A Subscriber that request's late, from a sampled flux should have that element emitted, even if the source already completed.
Right now source-completion will only play out if the subscriber requests in #onSubscribe. I believe the turn of events should play out in order, on request as well. (this could be a bit hard to implement as is; since we essentially drop the Publisher once we have subscribed, and as such we do not know if the item should play (the publisher emitted) after request is called, I would have to reintroduce something, like an index (updated on Other#next), for this test).
On a related note, I believe the promise of the last element always being emitted is broken in this situation, as the last element was not played.

test:

@Test
void lateSubscriber() {
   Flux<Integer> input = Flux.just(4);
   int[] discards = {-1};
   Flux<Integer> sampled = input.sampleTimeout(i -> Mono.empty()) // instant playback
                   .doOnDiscard(i -> discards[0] = i);
  
   ZeroRequestOnSubscribeSubscriber testSub = new ZeroRequestOnSubscribeSubscriber();
   sampled.subscribe(testSub);

   assert testSub.next == 0;
   testSub.subs.request(1);
   assert testSub.next == 0; // value still not played
   Integer val = sampled.blockFirst();
   assert testSub.next == 0; // no value appeared here
   assert val == 4; // 4 is available if you requested eagerly
   assert discards[0] == -1;
} 

static class ZeroRequestOnSubscribeSubscriber extends BaseSubscriber<Integer> {
      Subscriber subs;
      int next;
     
      @Override
      protected void hookOnSubscribe(Subscription s) {
             subs = s;
      }

      @Override
      protected void hookOnNext(Integer i) {
             next = i;
     }
}

I disagree with:

    @Test
    public void scanOther() {
        ...
        assertThat(test.scan(Scannable.Attr.PARENT)).isSameAs(main.other);
        ...
    }

this test tests that they are both null, they should be verified separately (i break this, since main.other is set at startup, but I also think that it's incorrect to test that two nulls are the same).

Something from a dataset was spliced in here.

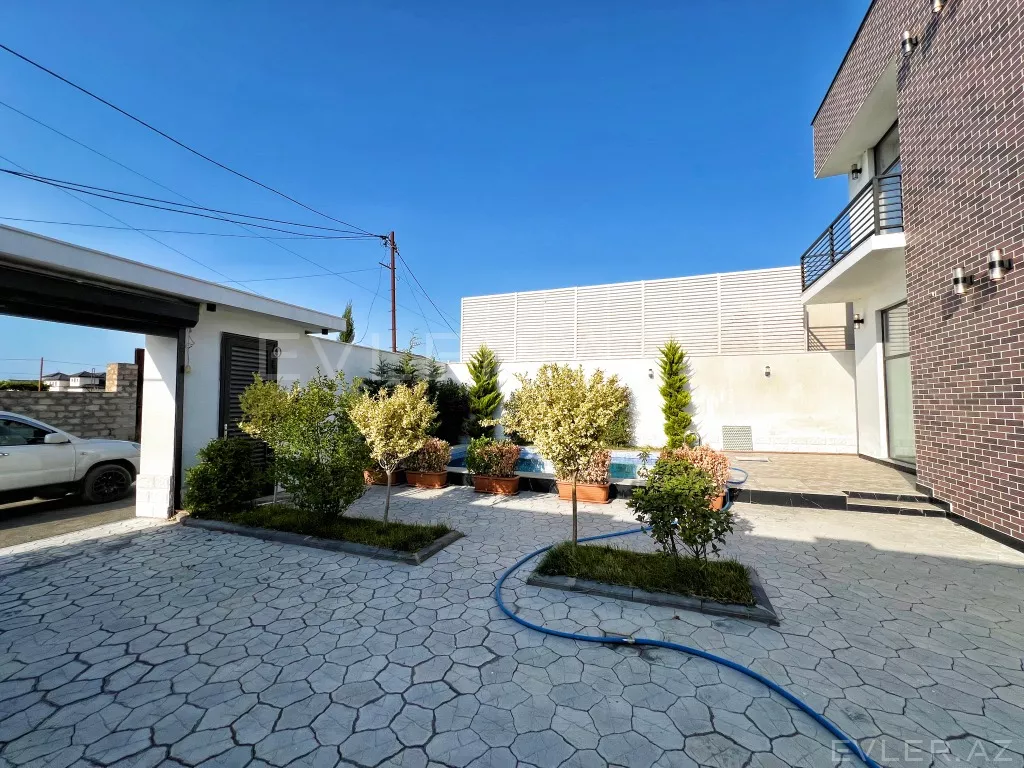 Satılır, həyət evi/villa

A possible way around doing too much here is to simply document this behavior in the Javadoc.

I think, not propagating at all, on a late request is fine, but should be documented (especially given the javadoc statement telling otherwise: last element always sent)
I think propagation after upstream complete should be reworked to honor throttling, but it should be documented at least.

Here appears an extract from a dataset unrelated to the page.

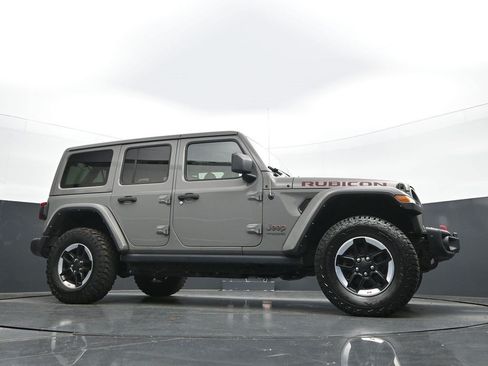 Used 2021 Jeep Wrangler Unlimited Rubicon w/ Dual Top Group AWD/4WD image 28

chemicL · 2024-01-25T12:09:42Z

Hi, thanks for the report and the work you did on your branch. I spent some time looking into the existing implementation and tried to frame your concerns around what I learned.
Before considering any possible alteration of the existing behaviour, let's first clarify the expectations and concerns. From what I understood, the complaints you bring are the following:

The Javadoc has a "FIXME" note which is confusing.
Discard support and unclear wording.
Handling of cancellation of a companion - possible bug.
The last value should be delivered at the end of the timeout.

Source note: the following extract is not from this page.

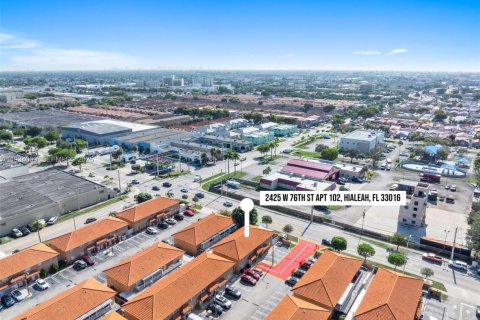 Condominio en venta en Hialeah, Florida, 2 dormitorios, 103.12 m2 № 1992738 - foto 2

Before addressing these concerns, I believe there is some misunderstanding with regards to what ends up in the queue.

Whenever a new item is emitted from the source, the implementation handling timeout companions cancels the current timeout companion and loses its reference. There is always at most one reference to a companion.

The queue is used by the companion wrapper class (SampleTimeoutOther). Upon creation, the wrapper gets a reference to the SampleTimeoutMain (the upstream subscriber) and when the cancellation races with the timeout signal, only then the queue is used. Therefore, the maxConcurrency is used to limit the amount of simultaneous timeouts of already canceled companions and the actual current valid one. Picking this value as too low might mean a valid sample is missed on occasions when cancellations are not triggering fast enough and at the same time multiple stale items time out together with a valid most recent one. There is a check if the wrapper in the queue has the index of the actual last provided item from the source.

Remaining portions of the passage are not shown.